Aiden Fucci

A Florida teen who brutally killed a 13-year-old cheerleader with a knife was sentenced to life in prison on Friday morning. The judge said he did it just to “feel what it was like to kill someone,” which was a stupid reason.

Aiden Fucci, 16, stabbed Tristyn Bailey 114 times and then dumped her body in a wooded area near Jacksonville in 2021. St. Johns County Circuit Judge Lee Smith said that Aiden Fucci got the maximum sentence because the murder was so brutal and planned.

“This didn’t happen because of greed. It wasn’t done to get back at someone or get even. Smith said, according to News4Jax.com, that it was not a crime of passion.

“It wasn’t a crime that he did it because she turned him down. It wasn’t done in a rage that couldn’t be stopped. It didn’t make sense. He also said, “There was no point.”

Smith said, “It was done for no reason other than to satisfy this defendant’s inner desire to know what it was like to kill someone.”

16-year-old Aiden Fucci killed 13-year-old Tristyn Bailey in 2016.

The judge said that he took Fucci’s age into account when deciding how to punish him. He pointed out that his brain wasn’t fully developed when he killed the woman at age 14, WFLA.com said.

Smith said that the teen killer’s strange lack of a reason for killing his classmate showed that he didn’t do it on the spot and had instead planned to kill her.

“She died a terrible, painful death at the hands of someone she trusted… “It’s likely that her own suffocating lungs stopped her from screams,” Smith said.

“There was a lot of planning ahead of time in this case.”

He also said that the killing was “close up, personal, and shocking.”

During the investigation, Fucci’s friends told police that in the months before the murder, he openly fantasised about violence and murder, and that he chose the cheerleader out of anger.

He would often draw pictures of bodies that had been cut up, and he is said to have boasted about the murder while he was in jail.

Fucci pleaded guilty to first-degree murder in February. In a handwritten letter that was read in court, he said he was sorry for the death.

“I’m sorry that you didn’t get to know her that long. “I’m sorry that you didn’t have any long-term relationships with Tristyn,” he wrote.

“I’m sorry I caused all this pain every day for the community, and I’m sorry. I know my apology won’t fix anything or bring her back, but I hope it helps in some way.”
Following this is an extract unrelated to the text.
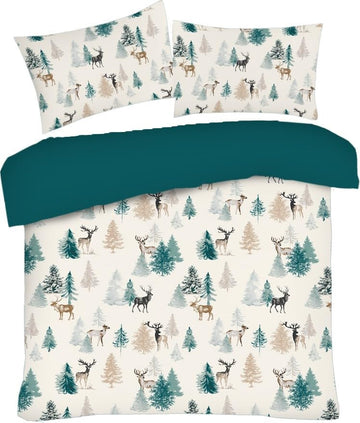 Woodland Stag Duvet Cover Set, King, Teal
During a sentencing hearing on Wednesday, Fucci’s family asked the judge to be kind to the teen.

“I’d die not being able to spend time with him sometime before I go,” Aiden Fucci’s grandmother, Deborah Spiwak, told the court.
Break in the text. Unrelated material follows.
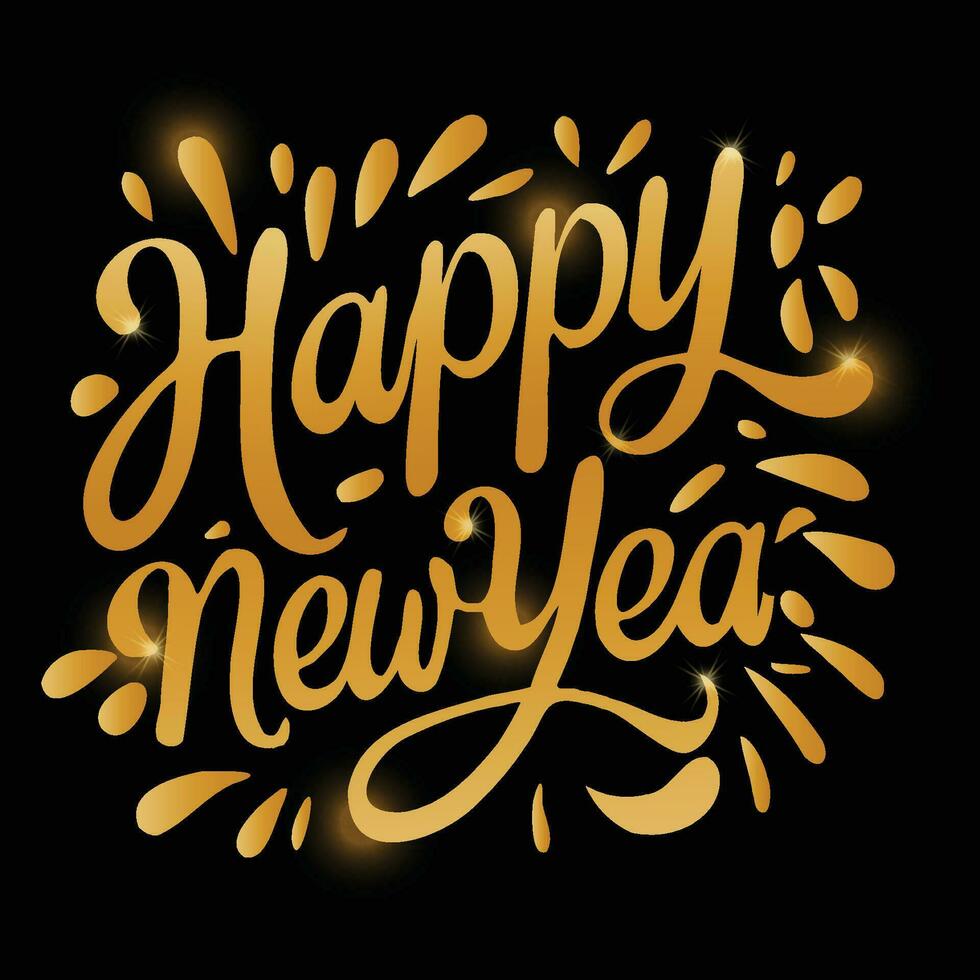 Vector golden text on black background. Happy New Year lettering for invitation and greeting card, prints and posters. Hand drawn inscription, calligraphic design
Meanwhile, Bailey’s heartbroken mother said that the troubled teen was “beyond saving.” She said that thoughts of her daughter’s last moments alive had been keeping her up at night.

Fucci had faced 40 years to life and was not eligible for the death sentence because he committed the crime as a minor.

Fucci was set to be tried as an adult but unexpectedly entered a guilty plea on Feb. 6, the day the trial was scheduled to begin.